Rimpasto di governo: chi sono i ministri a rischio dopo il voto per le regionali

Ormai tra i partiti della maggioranza starebbe prendendo sempre più piede l’ipotesi di un rimpasto di governo dopo l’election day del 20 e 21 settembre: sono diversi i ministri a rischio soprattutto tra il Movimento 5 Stelle, con Italia Viva che da tempo reclama un dicastero in più.

Rimpasto di governo: chi sono i ministri a rischio dopo il voto per le regionali

Aumentano le voci di un rimpasto di governo. Dopo le regionali del 20 e 21 settembre, con le urne che si apriranno anche per il referendum e il primo turno delle amministrative, potrebbero cambiare diversi interpreti dell’esecutivo giallorosso.

Un cambio di squadra da tempo invocato da Italia Viva, che reclama un ministro in più dopo aver ingrossato le proprie fila specie al Senato, ma che vedrebbe sostanzialmente d’accordo anche il Partito Democratico.

Chi finora ha invece sempre fatto muro è il Movimento 5 Stelle, che però negli ultimi giorni si sarebbe convinto della necessità di un rimpasto che a questo punto potrebbe ottenere il via libera anche da parte del premier Giuseppe Conte.

Tanti sono i ministri a rischio soprattutto tra le fila dei 5 Stelle: da Lucia Azzolina a Nunzia Catalfo, ma non è da escludere un avvicendamento anche tra i dem che comunque dovrebbero mantenere lo stesso numero di dicasteri, con i pentastellati che eventualmente andrebbero a cederne uno ai renziani.

Rimpasto di governo i ministri a rischio

A prescindere da come finiranno le elezioni regionali, tra i giallorossi c’è a riguardo molta preoccupazione per una possibile debacle, chiuse le urne potrebbe scattare il tagliando per il Conte bis con tanto di rimpasto di governo.

Sono due ministre del Movimento 5 Stelle le indiziate principali per un possibile cambio nella squadra di governo: Lucia Azzolina attuale titolare dell’Istruzione e Nunzia Catalfo, che invece guida il dicastero del Lavoro.

Da quando è iniziata l’emergenza coronavirus, con la conseguente chiusura delle scuole, Lucia Azzolina è finita da subito al centro di numerose critiche, tanto che la Lega ha annunciato una mozione di sfiducia nei suoi confronti.

Non sarebbe un buon momento anche per Nunzia Catalfo, con il lockdown che ha messo in ginocchio il mondo del lavoro, mentre il ministro per i Rapporti con il Parlamento Federico D’Incà potrebbe lasciare per un ruolo nel futuro direttorio del Movimento.

Si vocifera poi che i 5 Stelle non siano molto contenti del lavoro svolto finora da Roberto Fraccaro, attuale sottosegretario alla Presidenza del Consiglio che però stando alle voci non avrebbe soddisfatto con il suo operato i vertici grillini.
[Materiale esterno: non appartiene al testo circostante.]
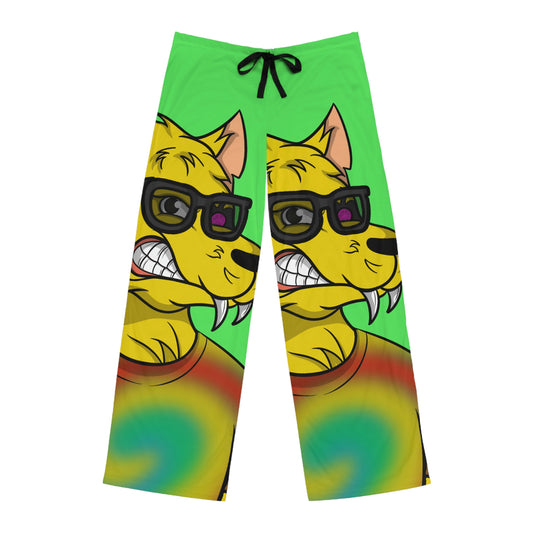 Wolve Cyborg Tie Dye Wolf Shirt Yellow Fur Cool Sun Glasses Men's Pajama Pants (AOP)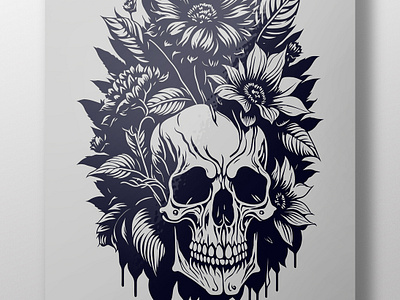 Skull Flower adobe illustrator artwork design digital art drawing flower portrait rose flower skull skull flower skull head skull rose skulls t shirt design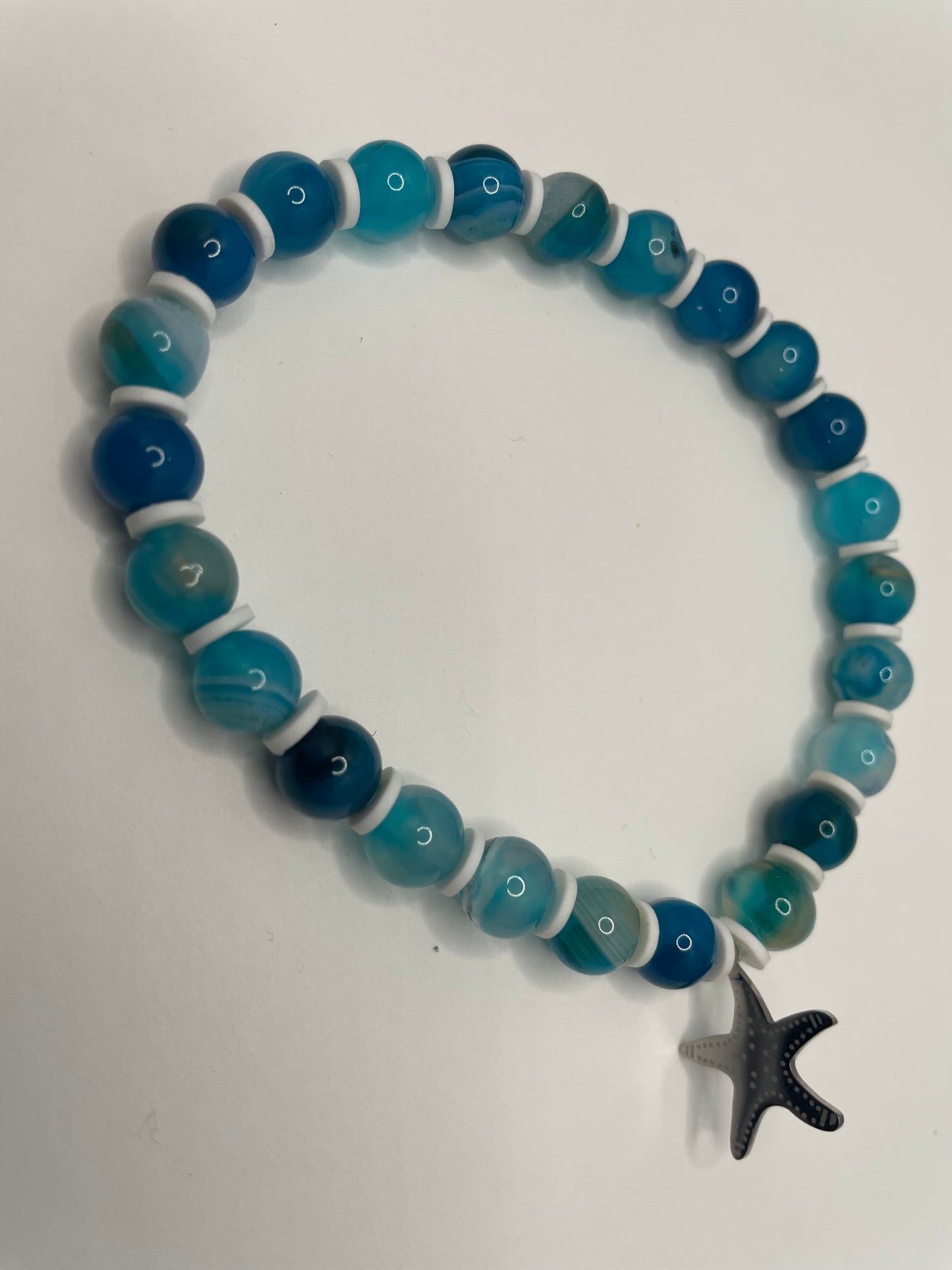 Bracelet Billes Bleues avec Étoile de Mer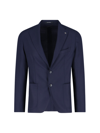 Tagliatore Lapel Single-breasted Jacket With Front Patch Pockets In Blue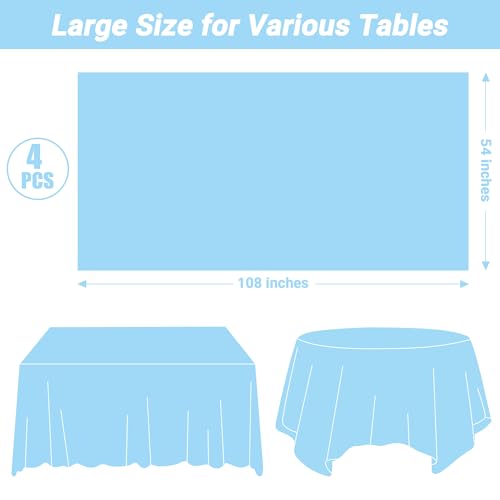 Image of 4 PCS SkyBlue Plastic Tablecloth, 54 inch x 108 inch Waterproof Picnic Table Cover for Indoor Outdoor, Disposable Stain Resistant Table Cloth of Baptism Decorations, Picnic Camping Party Essentials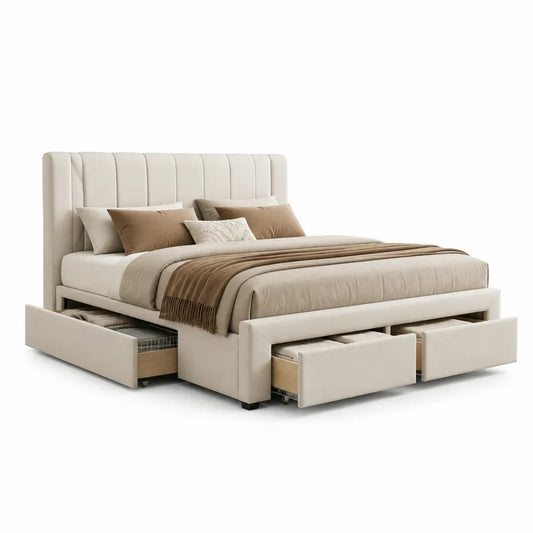 Stauraumbett Doppelbett mit 4 Schubladen 160 x 200 cm MDF Beige mit gepolstertem Kopfteil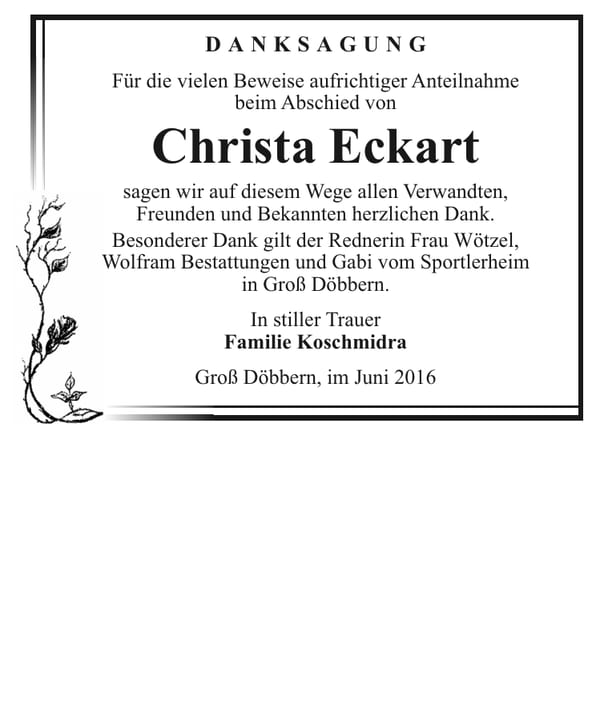 Danksagung Christa Eckart
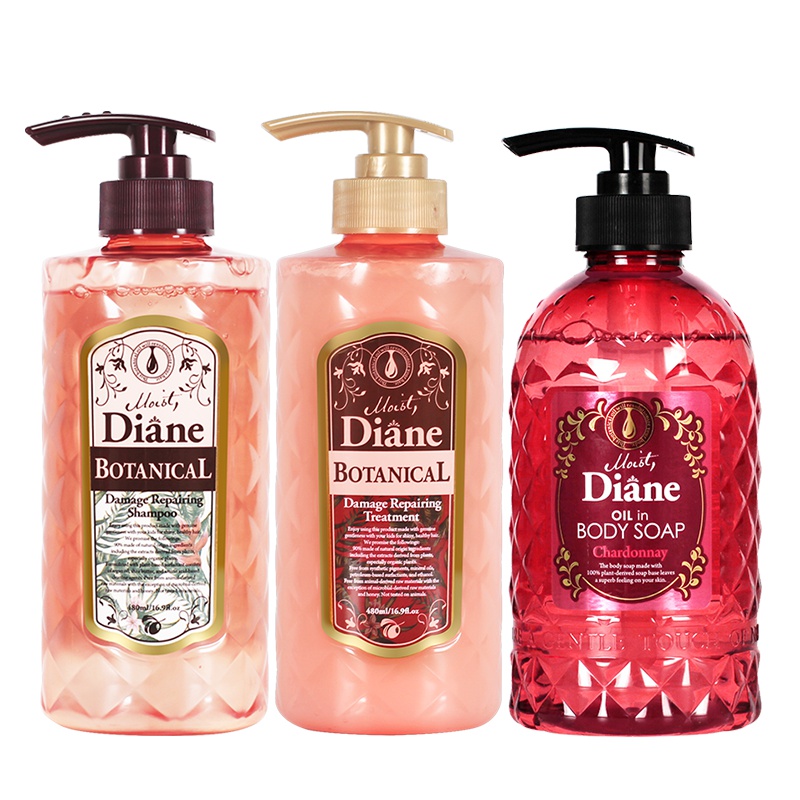 黛丝恩植萃洗护沐三件套 损伤修护洗护套480ml*2+莎当妮沐浴露500ml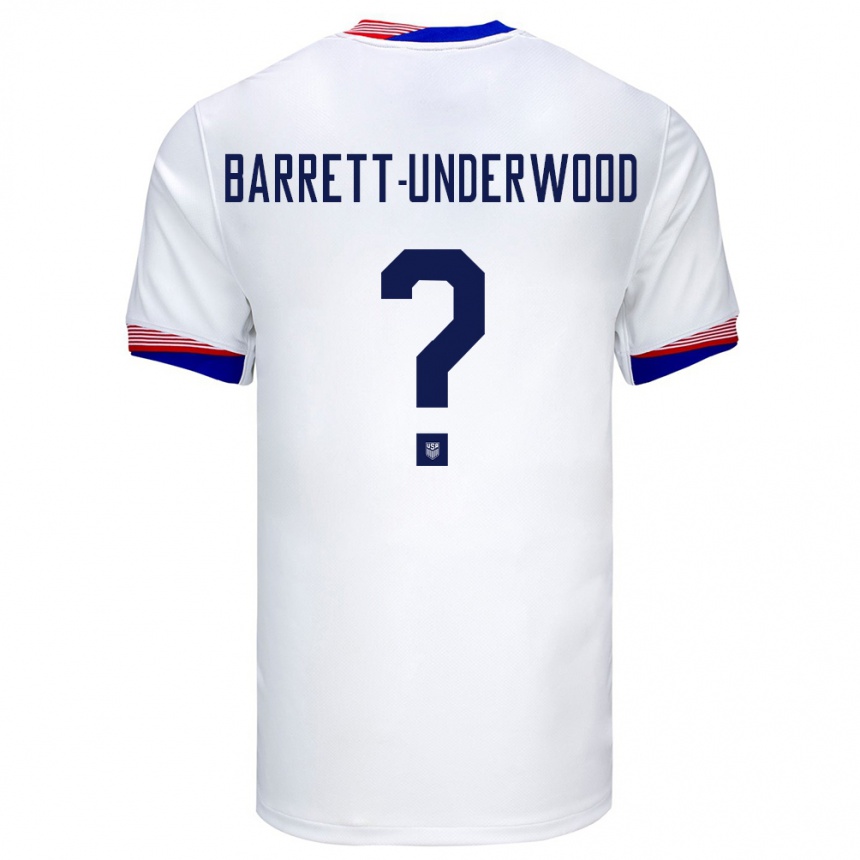 ילדים כדורגל ארצות הברית Keehan Barrett-Underwood #0 לבן ג'רזי ביתית 24-26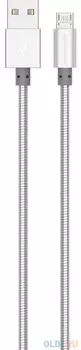 Дата-кабель USB 2.1A для micro USB More choice K31m металл 1м (Silver)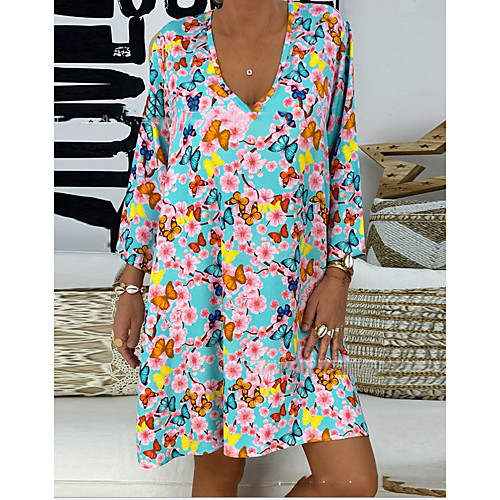 

Women's Shift Dress Midi Dress - Long Sleeve Print Summer Casual Mumu 2020 Blue Fuchsia Green Light Blue S M L XL XXL XXXL XXXXL XXXXXL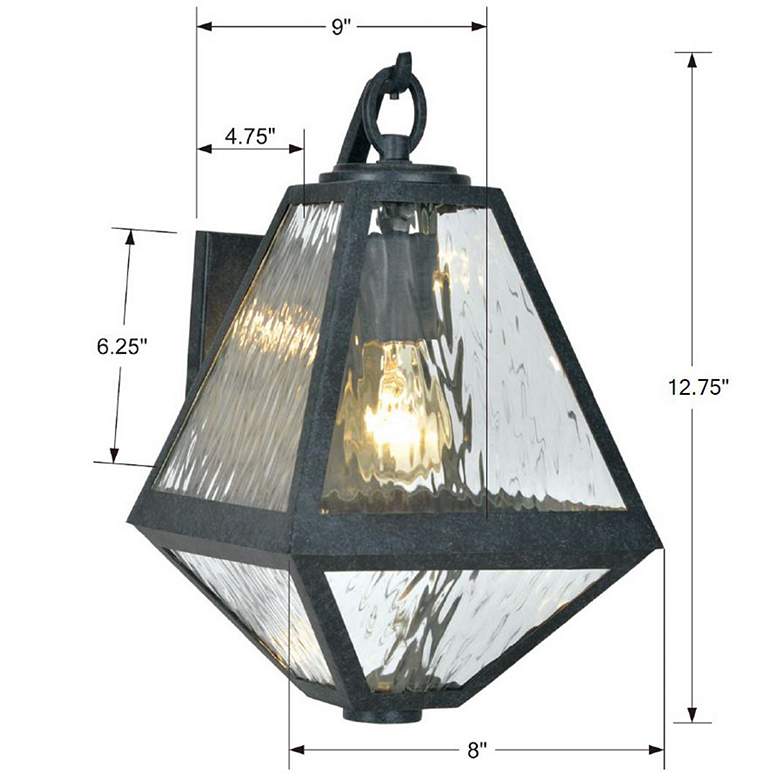Image 3 Glacier 12 3/4" High Matte Black Charcoal Outdoor Wall Light more views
Anche Paola De Micheli sarebbe fortemente a rischio in caso di un rimpasto, con il Partito Democratico che comunque andrebbe sempre a tenere per sé la casella del Ministero dei Trasporti.

Il Movimento 5 Stelle invece potrebbe cedere un dicastero a Italia Viva, con Maria Elena Boschi che nelle scorse settimane era data in pole per un eventuale ruolo da ministro magari al posto di Lucia Azzolina all’Istruzione.